Unilateral nerve VII lesion. Results in Bell’s palsy with patient unable to smile, show the teeth, close the eyelid or wrinkle the forehead on the paralyzed (ipsilateral) side. Hyperacusis may result from paralysis of the stapedius. Ipsilateral corneal reflex is also abolished.

Unilateral lesion of corticobulbar fibers innervating motor VII. Results in contralateral lower facial paralysis (patient can wrinkle forehead on both sides but cannot smile contralateral to lesion side).

Unilateral VI + VII + PT. Produces the Millard-Gubler syndrome

VI. The Nucleus Ambiguus (Fig 5)

Long narrow column of cells in the reticular formation at rostral and mid medulla levels. Although nucleus cannot be seen in Atlas images, at any given cross sectional level, it is located approximately half way between the spinal nucleus of V and the inf olivary complex. Axons from the ambiguus join cranial nerves IX and X (XIth portion ends up joining X outside of the CNS). They innervate the ipsilateral pharyngeal constrictors (for swallowing) and laryngeal muscles (for vocalization). Also innervate soft palate muscle.

Unilateral ambiguus (or nerve X) lesion. Results in isilateral paralysis of above muscles with dysphagia (difficulties in swallowing), dysarthria (difficulties in vocalizing) and deviation of uvula to nonparalyzed side when patient vocalizes.

Bilateral ambiguus (or nerve X) lesions. Results in aspiration pneumonia, asphyxia and eventual death. Note that this is similar to“pseudobulbar palsy” as described earlier.

VII. The Hypoglossal (XII) Motor Nucleus (Fig 5)

Column of cells next to the midline at mid and caudal medulla levels. Axons from nucleus course ventrally, just lateral to med lemniscus and then lat to pyramid, after which they exit medulla at the preolivary sulcus.

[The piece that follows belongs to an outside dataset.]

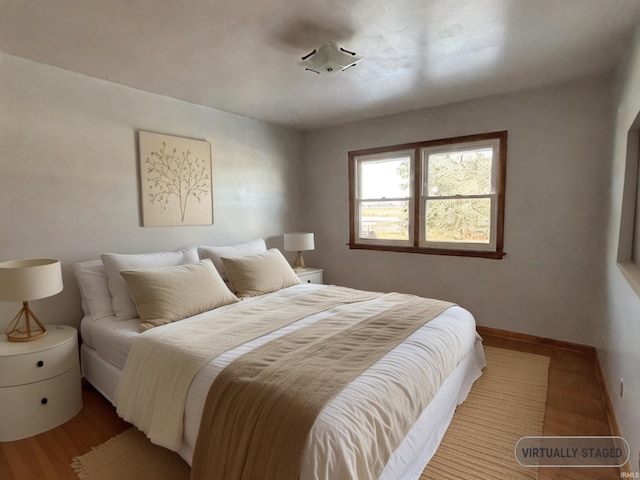 bedroom with light hardwood / wood-style flooring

Unilateral XII nerve (or nucleus) lesion. Results in ipsilateral paralysis of intrinsic and extrinsic tongue muscles. When protruded tongue deviates to paralyzed side. In time fasciculations and atrophy of ½ the tongue occur.

Unilateral XII nerve and PT lesion. Basically at levels of the medullary pyramid, results in the inf alternating hemiplegia with signs of XII as above + PT syndrome. No facial paralysis accompanies this syndrome.

VIII. The Spinal Accesory (XI) Motor Nucleus (Fig 5)

This is another long, narrow column of cells found in the gray horn at the transition between medulla and spinal cord and from C1-5 spinal levels. Axons from the nucleus leave spinal cord half way between the dorsal and ventral roots, then rootlets coalesce to form the nerve which ascends and enters into the skull through the foramen magnum only to leave the skull through the jugular foramen. Axons eventually innervate the ipsilateral sternocleidomastoid and trapezius muscles.

Unilateral XI nerve lesion. Causes ipsilateral paralysis of the above muscles downward and outward rotation of ipsilateral scapula. The patient has difficulties turning the head to the side opposite the lesion and shrugging at the shoulder.